Your instructions: Exactly the lines from the one containing "Par de aretes" through the end of the listing must make up the answer, with no pictures included.

Raw data:
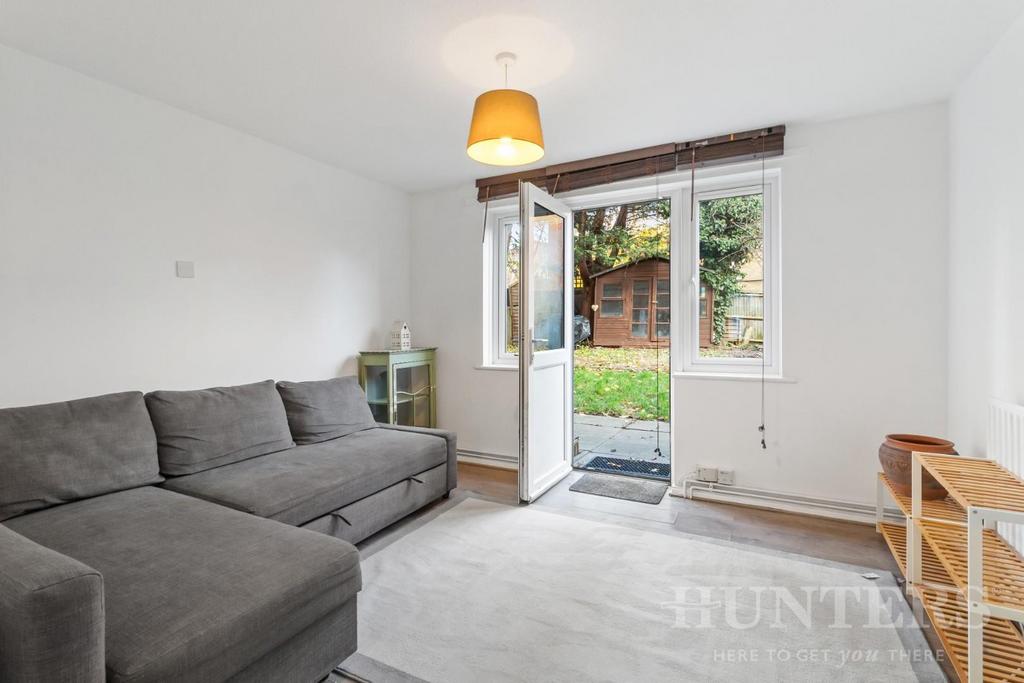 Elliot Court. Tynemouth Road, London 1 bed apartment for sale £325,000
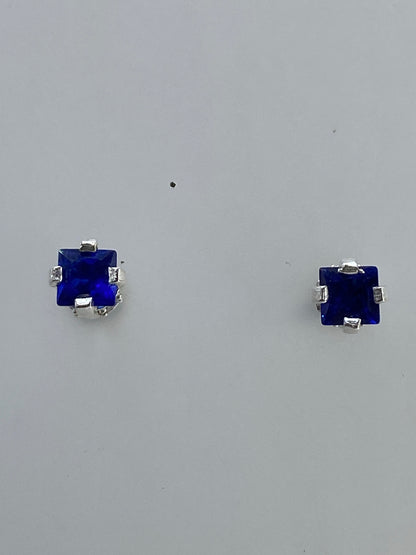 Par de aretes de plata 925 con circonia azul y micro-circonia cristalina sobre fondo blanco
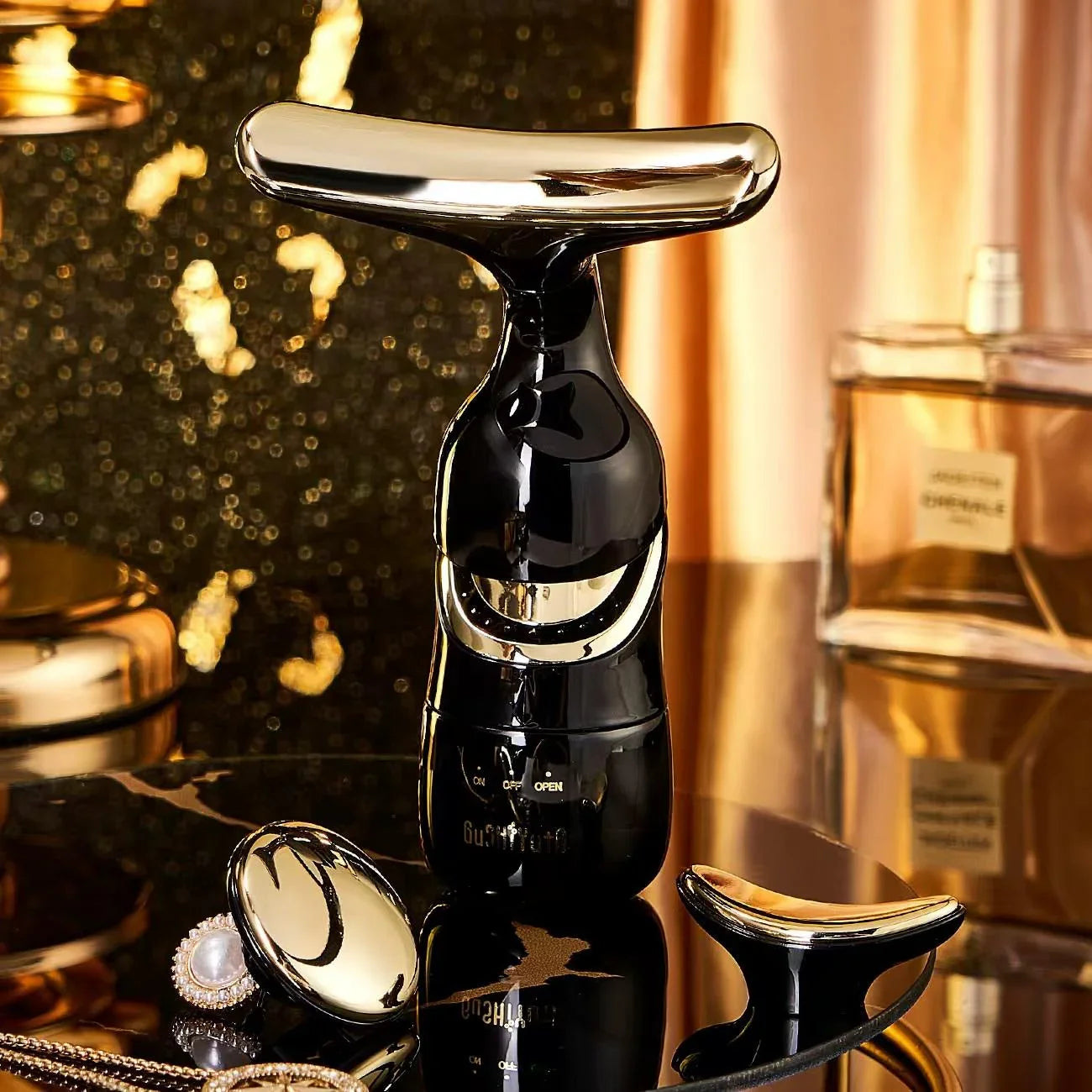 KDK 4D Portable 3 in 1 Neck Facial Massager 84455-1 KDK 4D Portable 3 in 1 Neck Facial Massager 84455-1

Solution to this problem:
 Par de aretes de plata 925 con circonia azul y micro-circonia cristalina sobre fondo blanco
 KDK 4D Portable 3 in 1 Neck Facial Massager 84455-1 KDK 4D Portable 3 in 1 Neck Facial Massager 84455-1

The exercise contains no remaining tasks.